The Permanent Forum’s study gives this description of the Canadian Settlement Agreement and its mandate for the TRC:
The Commission grew out of a lengthy process of disputes and court-mediated negotiations that resulted in an extensive programme of reparations and a request for a formal apology from religious and State institutions that had acted in complicity in those abuses. In 2006, following extensive negotiations between the Government, churches and indigenous peoples, the Canadian Government approved the Indian Residential Schools Settlement Agreement, which cost an estimated 2 billion dollars. The Agreement called for the establishment of the Truth and Reconciliation Commission with a portion of the funds earmarked for reparation.
There were no “extensive negotiations between the Government, churches and indigenous peoples.” The statement is a lie with extreme implications, since the mark of an acceptable settlement of this type is the full and informed participation of Indigenous Peoples in creating it. By reporting that the Settlement Agreement met this criteria, Grand Chief John has single handedly elevated the Settlement and the Commission to a place it is not worthy of.
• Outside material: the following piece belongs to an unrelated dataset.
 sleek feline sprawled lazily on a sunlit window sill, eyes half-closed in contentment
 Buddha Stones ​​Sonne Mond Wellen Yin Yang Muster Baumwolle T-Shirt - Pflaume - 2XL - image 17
The study relied on statements made by Chief Littlechild, and Chief John named him as an expert witness when introducing the study during the Permanent Forum’s 12th Session, in 2013.
Chief Littlechild also made an intervention to the Expert Mechanism on the Rights of Indigenous Peoples before he became a member of it, in 2010, but when he had just been named to the Truth and Reconciliation Commission:
“…this TRC was not created by the government. Rather it was established as an independent body with a 5-year mandate through the efforts of residential school survivors themselves as part of the largest class action lawsuits in Canadian history.”[iii]
On the contrary. Professor Kathleen E. Mahoney, a non-native lawyer, was the Chief Negotiator for the Assembly of First Nations in achieving the Indian Residential School Settlement Agreement. She was also “the primary architect of the Truth and Reconciliation Commission and led the negotiations for the historic apology from the Canadian Parliament and from Pope Benedict XVI at the Vatican,” according to her online biography.
Furthermore, in April of 2008, the Canadian federal public service civil list was amended to add the Commission and its entourage of lawyers, researchers and consultants to the federal payroll.
Lies and insinuation heaped on misrepresentation have formed international reputations for the Settlement and the Commission which bear no resemblance to the facts. Instead, those lies from the top of the world’s most influential organization have deafened an official visitor to the voices of the people who travelled hundreds of miles to tell him the truth while he was visiting Canada.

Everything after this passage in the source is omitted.